ASSIGNED TASK: Pull out every line in the data that has the string "Dress" in it.

___ INFORMATION

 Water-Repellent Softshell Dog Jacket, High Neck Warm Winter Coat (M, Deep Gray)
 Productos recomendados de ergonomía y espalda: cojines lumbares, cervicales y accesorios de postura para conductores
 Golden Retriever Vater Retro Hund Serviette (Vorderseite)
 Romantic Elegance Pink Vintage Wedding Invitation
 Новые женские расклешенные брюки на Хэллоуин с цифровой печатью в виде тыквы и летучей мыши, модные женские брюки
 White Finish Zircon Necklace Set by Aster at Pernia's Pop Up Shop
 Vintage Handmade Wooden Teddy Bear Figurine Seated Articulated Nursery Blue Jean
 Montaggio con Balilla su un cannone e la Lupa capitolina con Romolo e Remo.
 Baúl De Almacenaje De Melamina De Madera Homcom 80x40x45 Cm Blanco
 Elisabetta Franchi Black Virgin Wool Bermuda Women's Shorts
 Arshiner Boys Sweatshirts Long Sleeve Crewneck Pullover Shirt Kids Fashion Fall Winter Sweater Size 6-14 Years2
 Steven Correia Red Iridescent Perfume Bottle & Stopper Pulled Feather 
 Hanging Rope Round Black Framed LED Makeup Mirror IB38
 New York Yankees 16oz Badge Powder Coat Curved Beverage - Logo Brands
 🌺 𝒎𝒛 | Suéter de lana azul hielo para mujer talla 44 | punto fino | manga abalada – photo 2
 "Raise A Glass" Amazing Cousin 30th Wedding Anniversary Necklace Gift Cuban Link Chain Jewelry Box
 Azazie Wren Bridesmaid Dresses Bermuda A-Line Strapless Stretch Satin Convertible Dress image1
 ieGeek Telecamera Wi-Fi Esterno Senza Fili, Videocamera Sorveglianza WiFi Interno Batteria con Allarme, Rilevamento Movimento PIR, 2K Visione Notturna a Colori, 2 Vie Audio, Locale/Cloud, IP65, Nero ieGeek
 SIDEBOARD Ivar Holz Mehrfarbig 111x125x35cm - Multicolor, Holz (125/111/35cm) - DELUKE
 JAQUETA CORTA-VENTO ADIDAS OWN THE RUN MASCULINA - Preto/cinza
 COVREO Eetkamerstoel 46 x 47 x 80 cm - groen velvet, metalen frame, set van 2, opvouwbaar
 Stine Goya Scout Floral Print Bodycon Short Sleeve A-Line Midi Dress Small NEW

______

EXERCISE OUTPUT:
 Azazie Wren Bridesmaid Dresses Bermuda A-Line Strapless Stretch Satin Convertible Dress image1
 Stine Goya Scout Floral Print Bodycon Short Sleeve A-Line Midi Dress Small NEW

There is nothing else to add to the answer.